▸ **RECORDS TO PROCESS**:

____

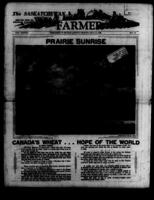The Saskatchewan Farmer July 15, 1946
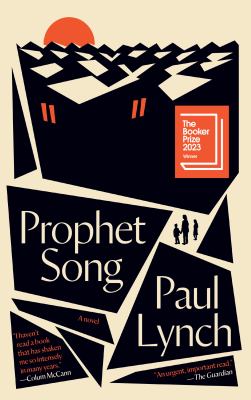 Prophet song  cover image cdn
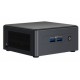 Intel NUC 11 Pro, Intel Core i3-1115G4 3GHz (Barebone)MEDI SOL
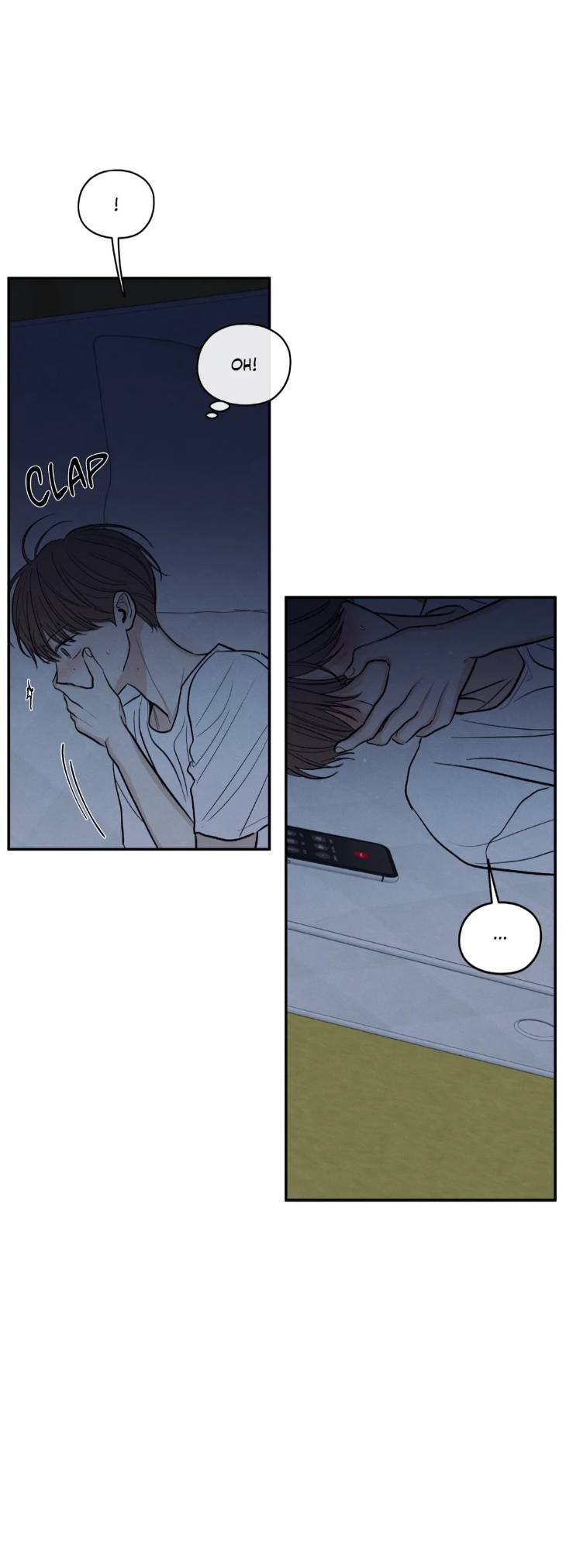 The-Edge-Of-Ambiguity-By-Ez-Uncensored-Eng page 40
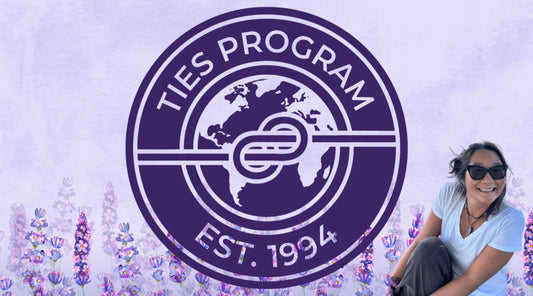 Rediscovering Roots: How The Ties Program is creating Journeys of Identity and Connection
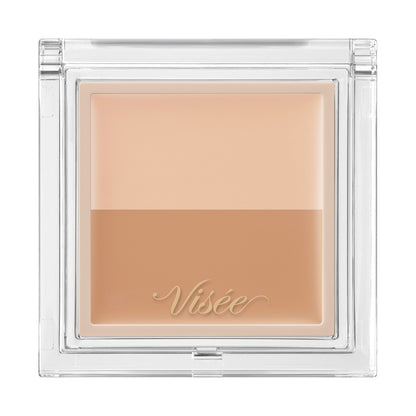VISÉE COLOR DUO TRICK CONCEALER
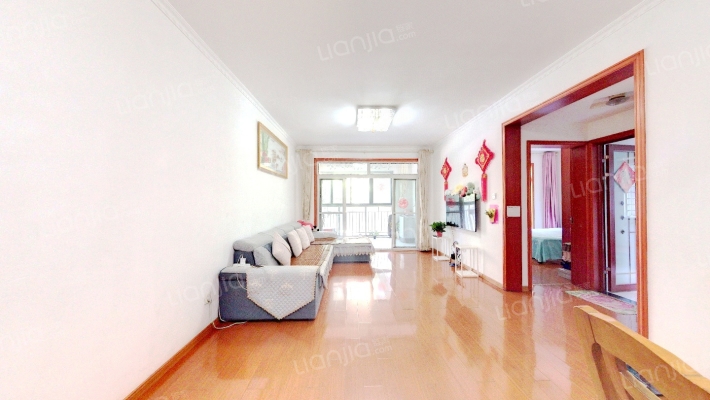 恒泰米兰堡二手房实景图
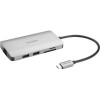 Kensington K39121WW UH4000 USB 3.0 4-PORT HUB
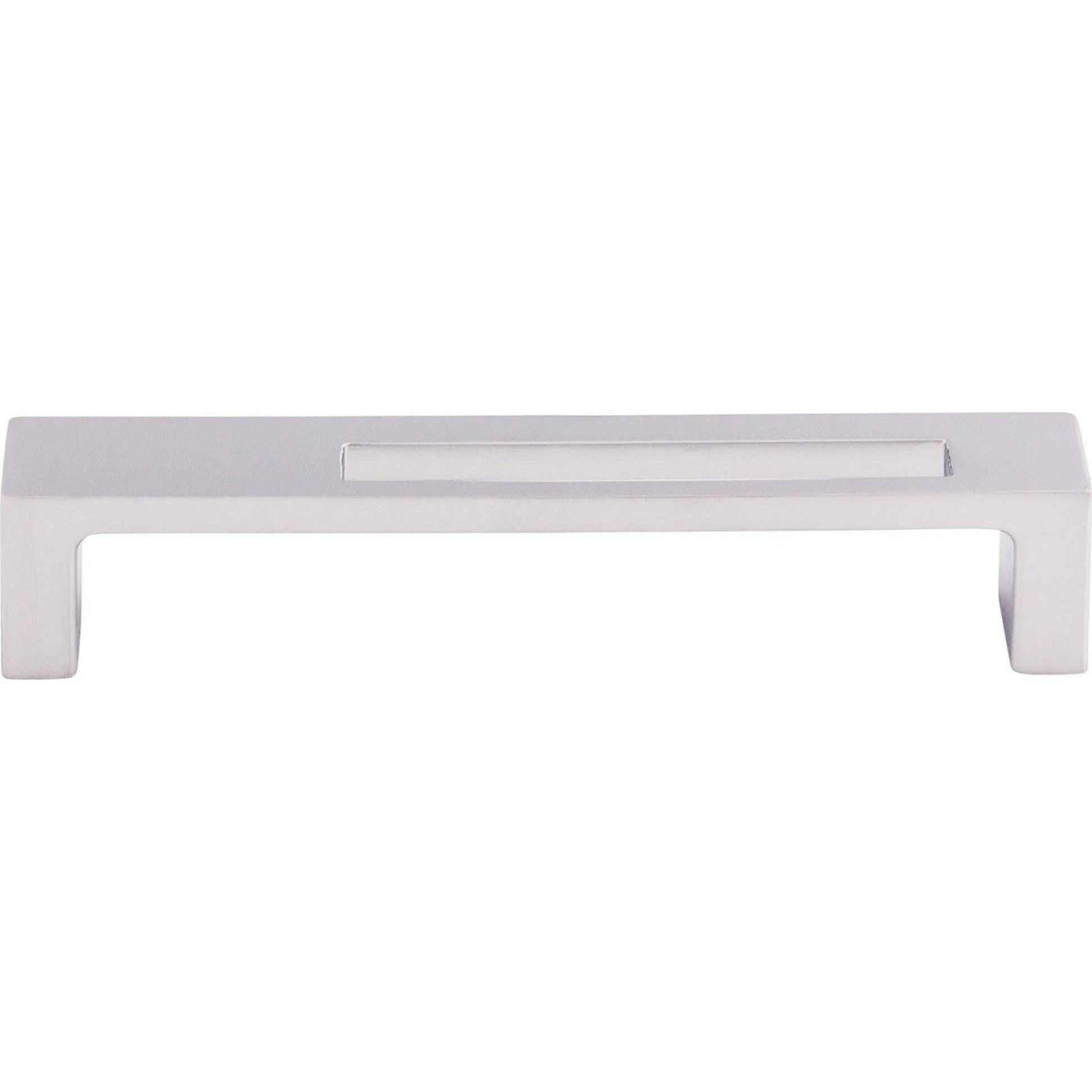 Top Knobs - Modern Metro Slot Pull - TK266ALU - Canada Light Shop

____

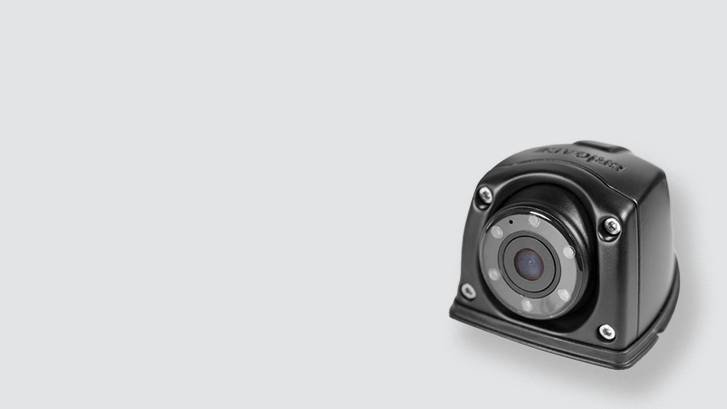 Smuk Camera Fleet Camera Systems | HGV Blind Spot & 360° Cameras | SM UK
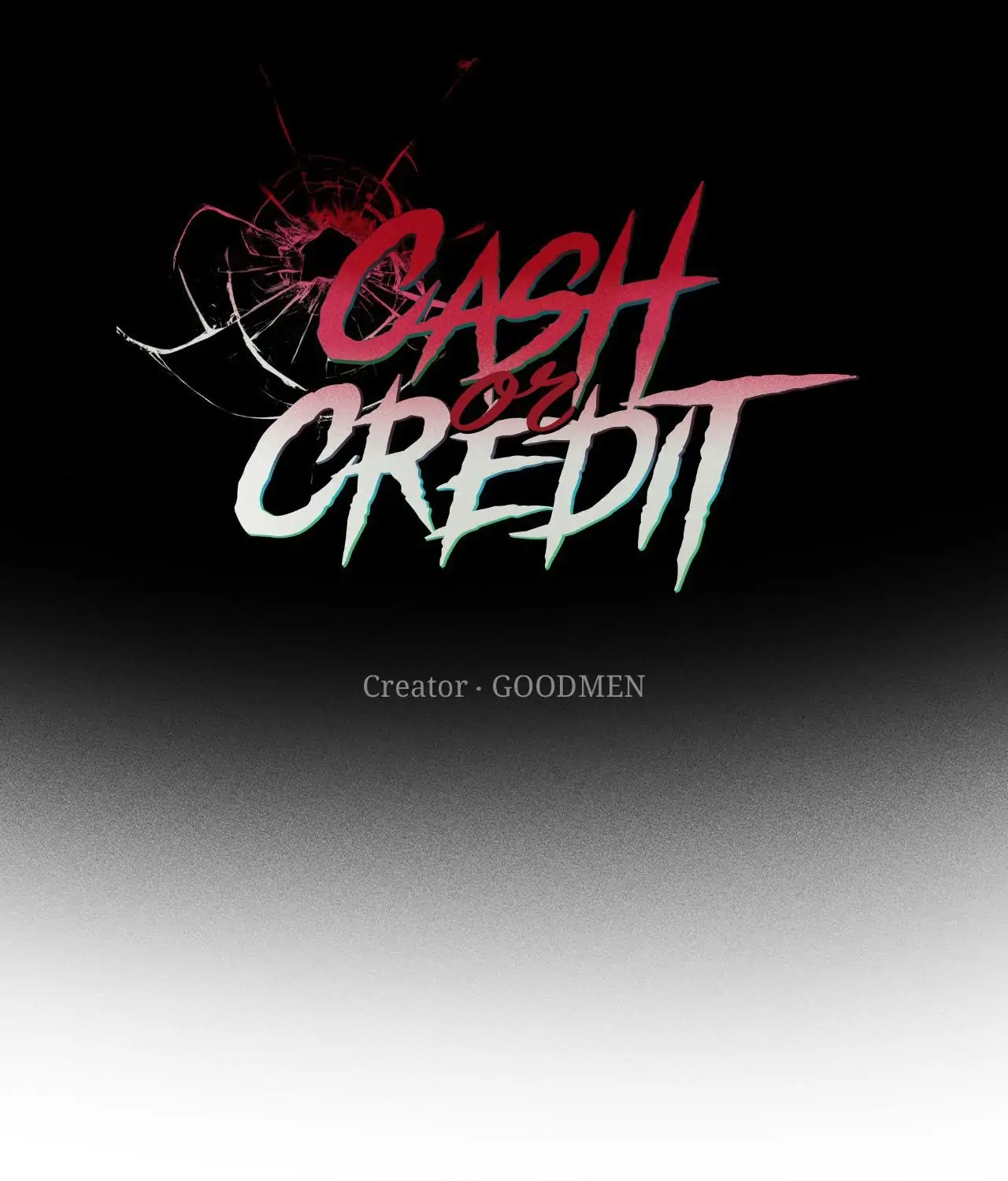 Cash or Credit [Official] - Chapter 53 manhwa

____

▸ **PROBLEM DESCRIPTION**:
Copy nothing but the lines above from the one with "Kensington K39121WW UH4000" to the one with "Top Knobs - Modern", inclusive, word for word. Leave every picture out.

▸ **WORKED SOLUTION**:
 Kensington K39121WW UH4000 USB 3.0 4-PORT HUB
 Top Knobs - Modern Metro Slot Pull - TK266ALU - Canada Light Shop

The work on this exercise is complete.